Pictures with short captions:
Content starts
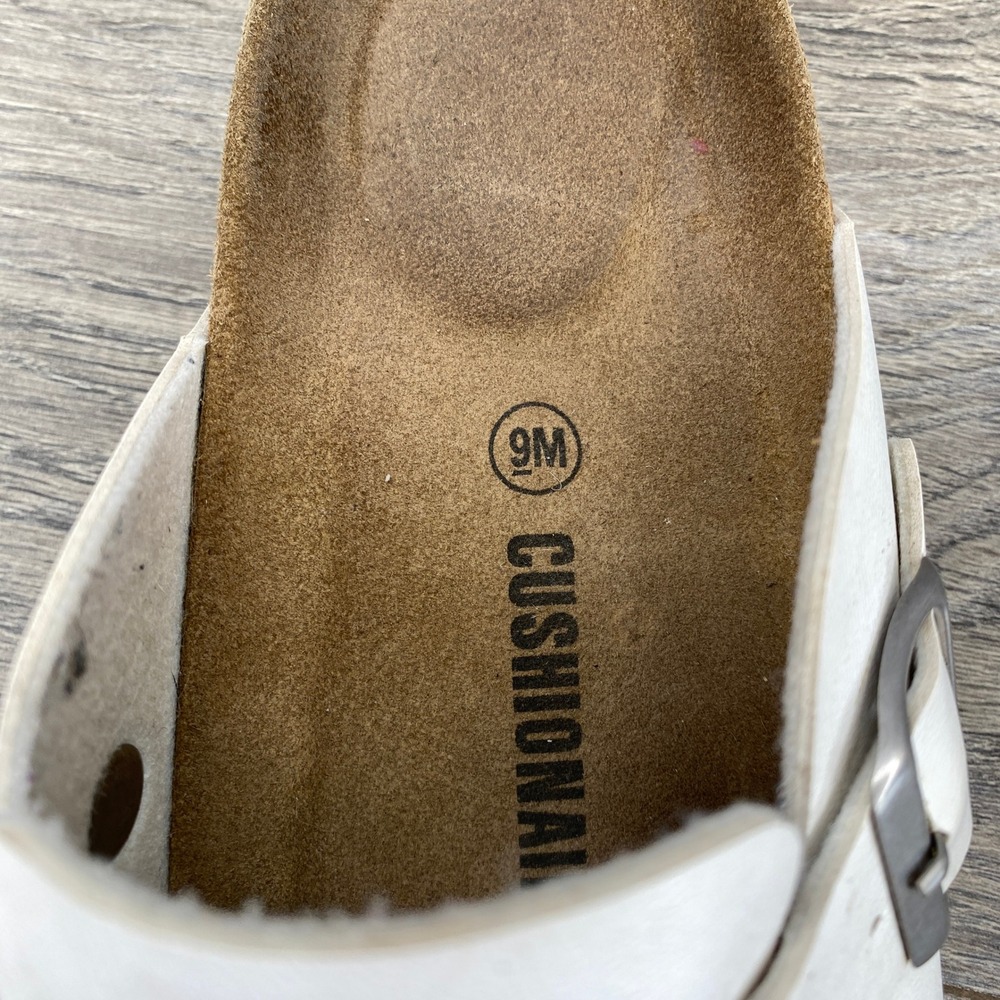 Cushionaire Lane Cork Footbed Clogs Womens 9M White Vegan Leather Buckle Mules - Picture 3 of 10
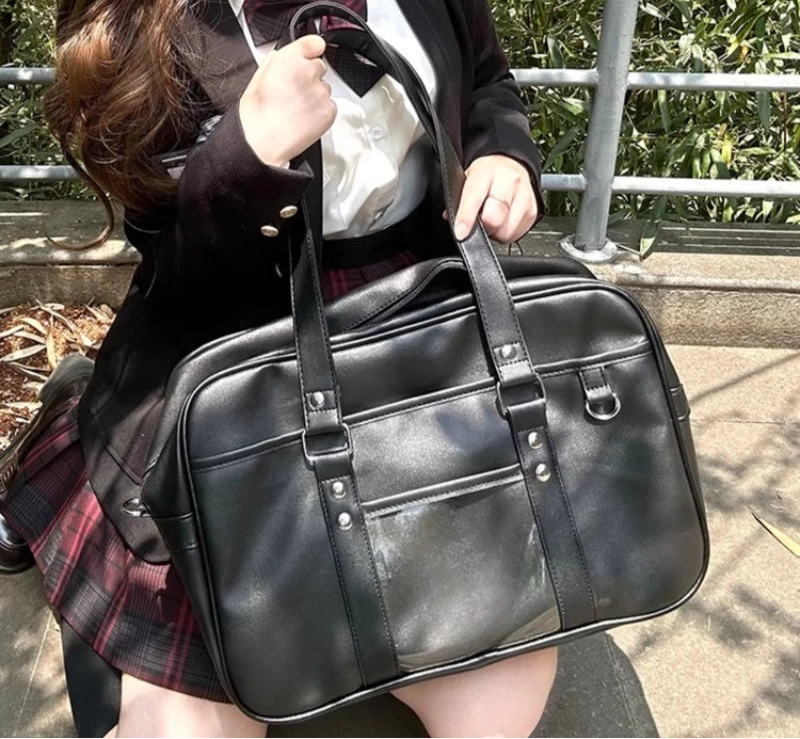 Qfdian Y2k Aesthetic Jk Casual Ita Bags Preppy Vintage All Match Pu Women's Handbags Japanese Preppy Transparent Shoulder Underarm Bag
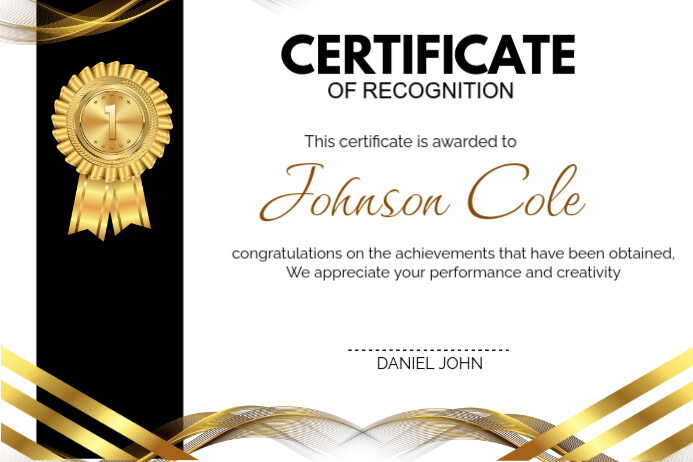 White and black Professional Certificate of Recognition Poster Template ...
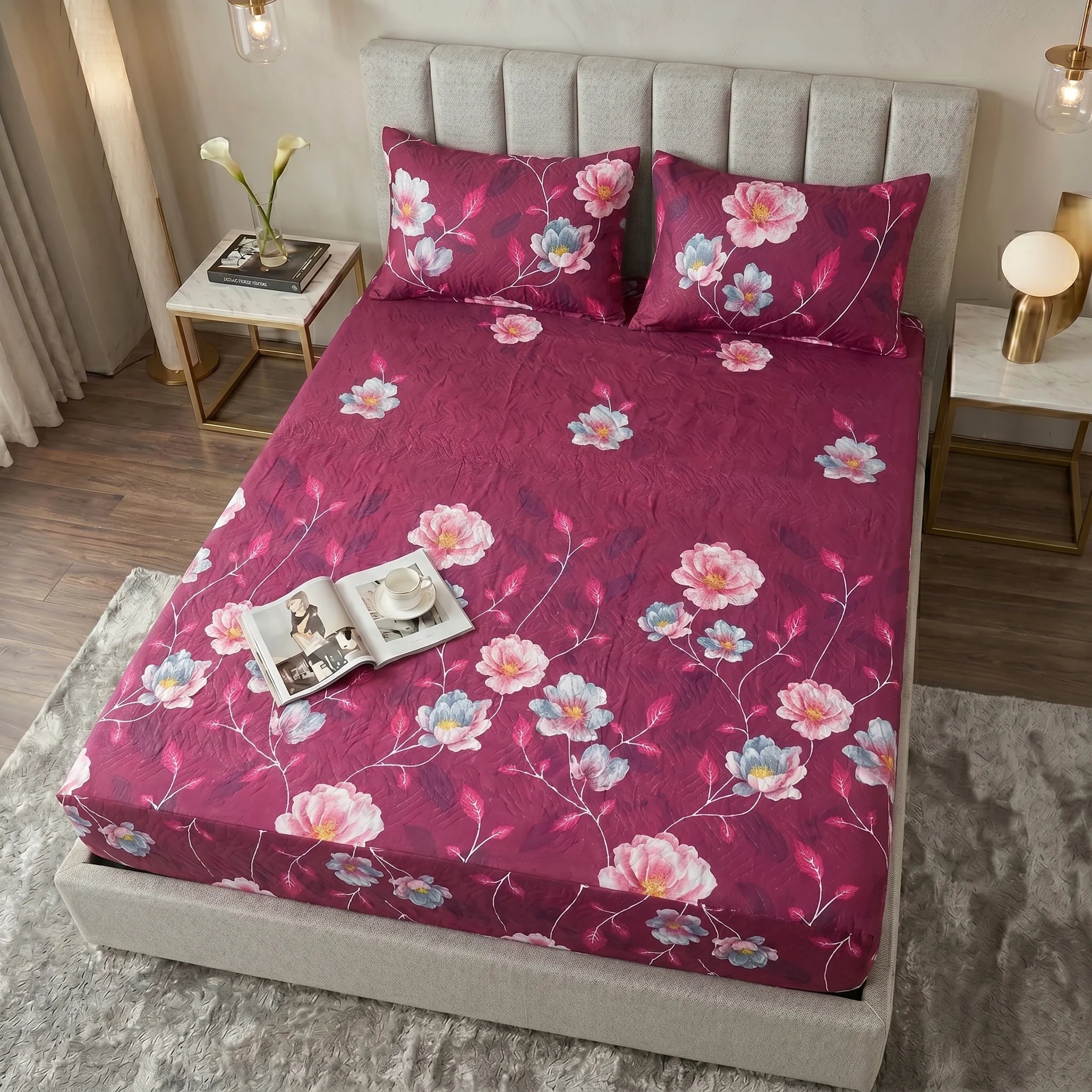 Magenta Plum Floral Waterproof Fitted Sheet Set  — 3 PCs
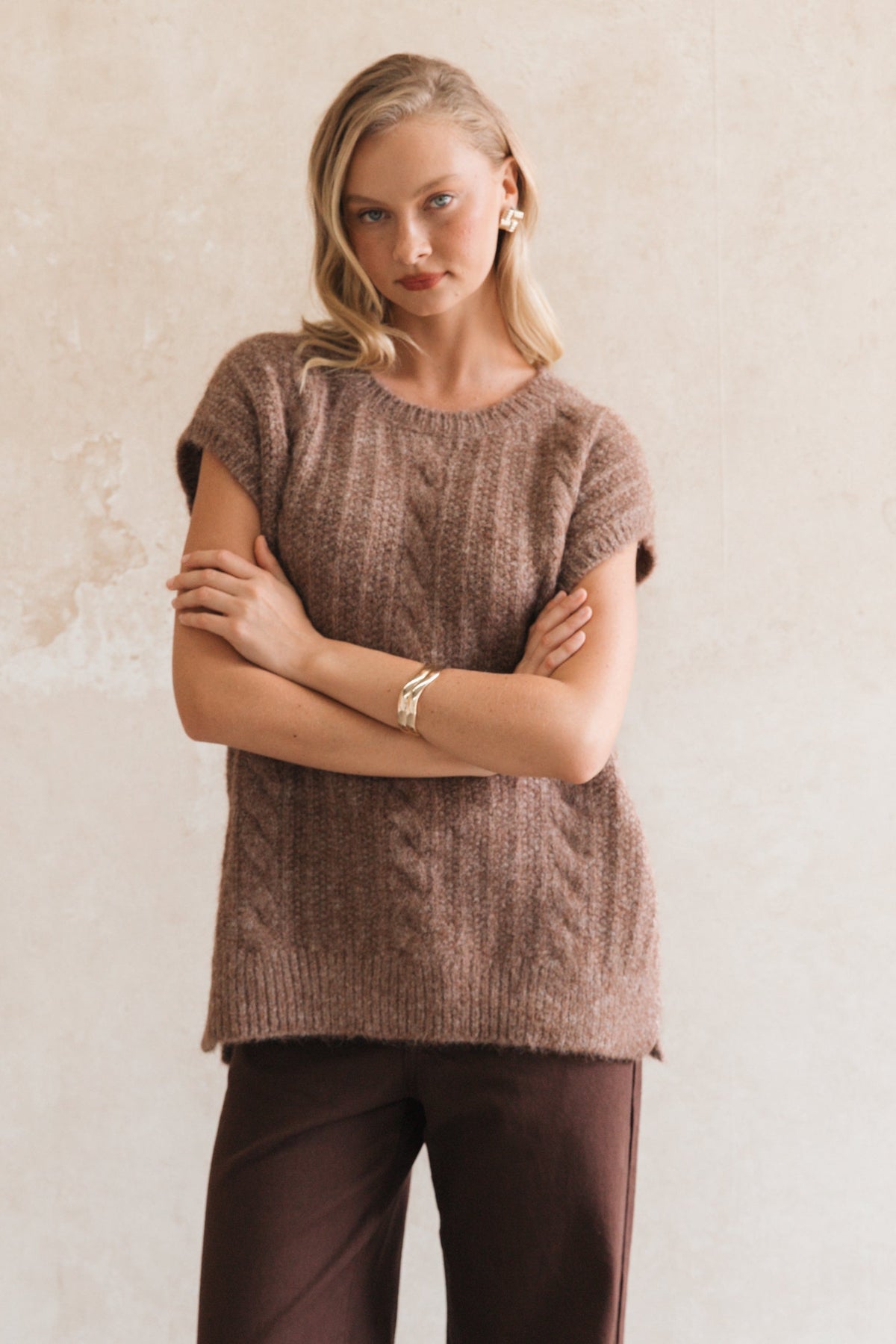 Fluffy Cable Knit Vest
Content ends
Requirement ::
Without any pictures, please write out the lines from the one containing "Qfdian Y2k Aesthetic" through the final line of the data, exactly and inclusive of both ends.

Response ::
 Qfdian Y2k Aesthetic Jk Casual Ita Bags Preppy Vintage All Match Pu Women's Handbags Japanese Preppy Transparent Shoulder Underarm Bag
 White and black Professional Certificate of Recognition Poster Template ...
 Magenta Plum Floral Waterproof Fitted Sheet Set  — 3 PCs
 Fluffy Cable Knit Vest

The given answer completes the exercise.